Science & Technology



What makes an earthquake deadly? These are the things that matter

Corinne Purtill, Los Angeles Times on

Published in Science & Technology News

The biggest earthquake to hit the U.S. since the 1960s was an 8.2 temblor near the Alaskan Peninsula on July 28, 2021.

If you are struggling to recall the horrifying details, it's because there weren't any. No one was killed or injured in the Chignik earthquake, the seventh-largest in U.S. history. Not a single building fell. A post-quake inspection of Perryville, the closest town to the epicenter, revealed nothing more troubling than a few drywall cracks.

There will be no such sighs of relief in the areas devastated by the magnitude 7.8 earthquake that struck southern Turkey early Monday. The quake left more than 4,000 people dead, uncounted more injured and tens of thousands homeless as buildings collapsed around them.

Magnitude alone does not determine the full extent of an earthquake's damage.
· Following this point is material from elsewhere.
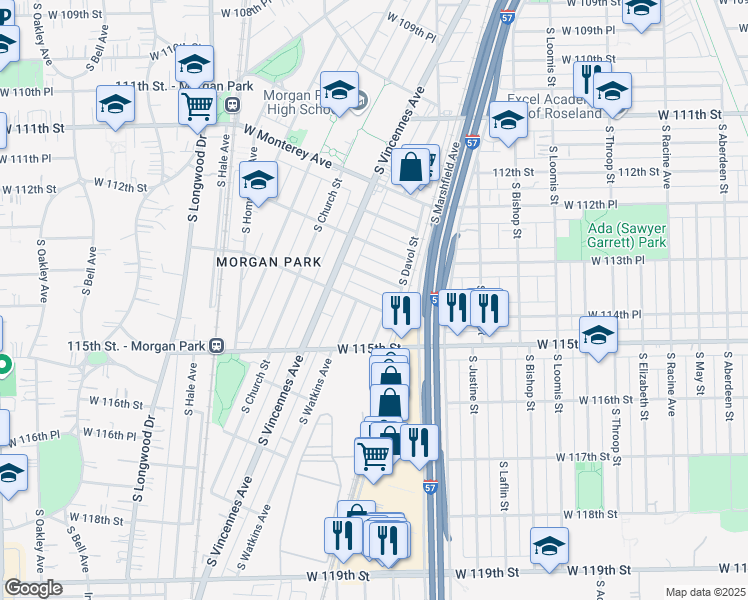 map of restaurants, bars, coffee shops, grocery stores, and more near 1724 West Edmaire Street in Chicago
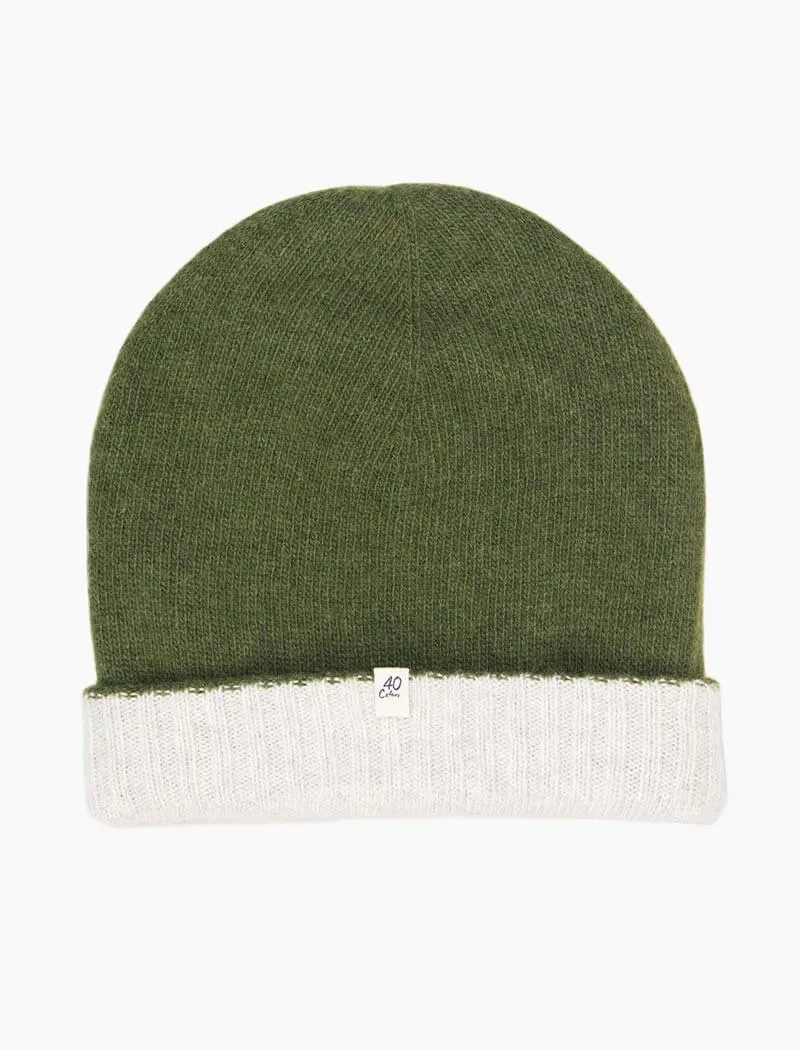 Light Green & Light Grey Reversible Wool & Cashmere Beanie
The amount of death and destruction any individual quake brings depends on multiple factors, each of which can make the difference between life and death for those on the ground.

Location, location, location

In the simplest and most obvious terms, the closer an earthquake is to a human settlement, the more damage it wreaks.


"It's kind of the real estate thing: Location, location, location," said Susan Hough, a seismologist with the U.S. Geological Survey in Pasadena. "I mean, magnitude matters. If it's a [magnitude] 3 versus an 8, that [makes] a difference. ... But for the most part, the further you get away from the fault that's moving, the more the energy spreads out, and it just loses its really severe punch."

The Chignik earthquake erupted about 20 miles beneath the seafloor off the Alaska Peninsula. It was deep enough that its energy had mostly dissipated by the time it reached the closest human settlement of Perryville, a village roughly 65 miles away with a population of about 100 people.

The Turkey earthquake has no such luck of geography. Like California's San Andreas fault, the East Anatolian fault — the seam along which this earthquake ruptured — runs under heavily populated areas.

Even worse, Monday's quake occurred relatively close to the surface, which translates to much stronger shaking on the ground. The main quake erupted about 11 miles (18 kilometers) below the surface, and a major 7.5 aftershock was even shallower, at 6 miles (10 km).